Estimation agents are increasingly used as judges, reward models, resolvers, and reference agents inside larger systems — including the consumer agents in Epistemic Impact Analysis and the oversight schemes in Overseeing Automated Research. For such components the realistic exploit is not a bookie but an optimizing policy that shops across framings and decompositions of its own outputs for the one an inconsistent judge scores most favorably — the same search a consistency attacker runs. The right demand is therefore graded, not a gate: measured exploitability small relative to the adversary’s cost of extracting it. Strict arbitrage-immunity would disqualify everything — debate and control results extract useful oversight from demonstrably Dutch-bookable judges (Khan et al. 2024) — and passing the checks is trivially buyable anyway: projecting any forecaster, ignorant or deceptive, onto the coherent set (as ArbitrageForecaster does at inference time) improves its proper score — strictly, in every outcome state (Predd et al. 2009). And the consistency–Brier correlation was observed among models not optimizing against the metric; it should not be expected to survive optimization pressure. What the checks deliver is narrower but real: screening out unforced incoherence cheaply, continuously, and without ground truth — the natural regression-test suite for epistemic infrastructure.

Open questions

How much does consistency constrain correctness? Paleka et al. report meaningful correlation between arbitrage metrics and ground-truth Brier scores for binary forecasting questions — does this hold for full distributions and quantities, and across domains? (Under optimization pressure, we argue above, no.)

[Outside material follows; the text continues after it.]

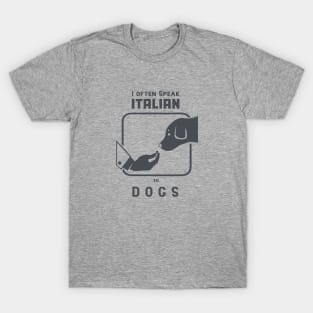 Funny Italian hand gesture and a dog, dark ink T-Shirt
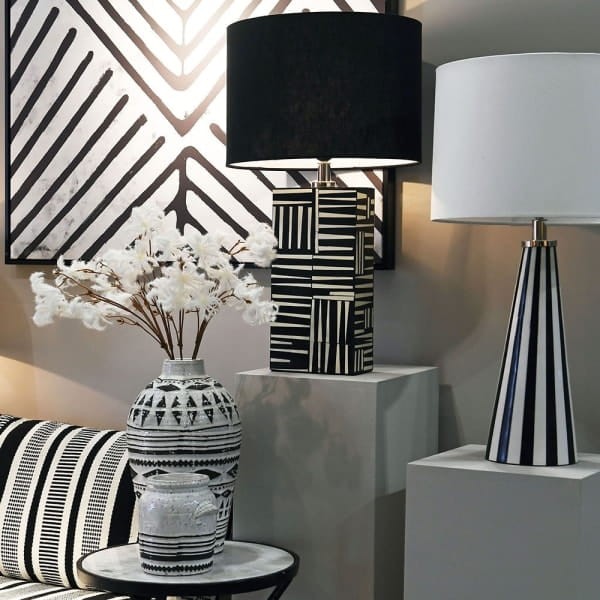 Kinnerton Block black and white bone inlay table lamp with linen shade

What is the cost-per-bit of consistency signal versus resolution-based signal, and what is the optimal portfolio of the two?
How should consistency scores aggregate into a single comparable benchmark number without hiding the structure that matters?
Can adversarially trained “consistency attackers” and defensively trained estimators reach a stable, useful equilibrium — or does this collapse into vagueness?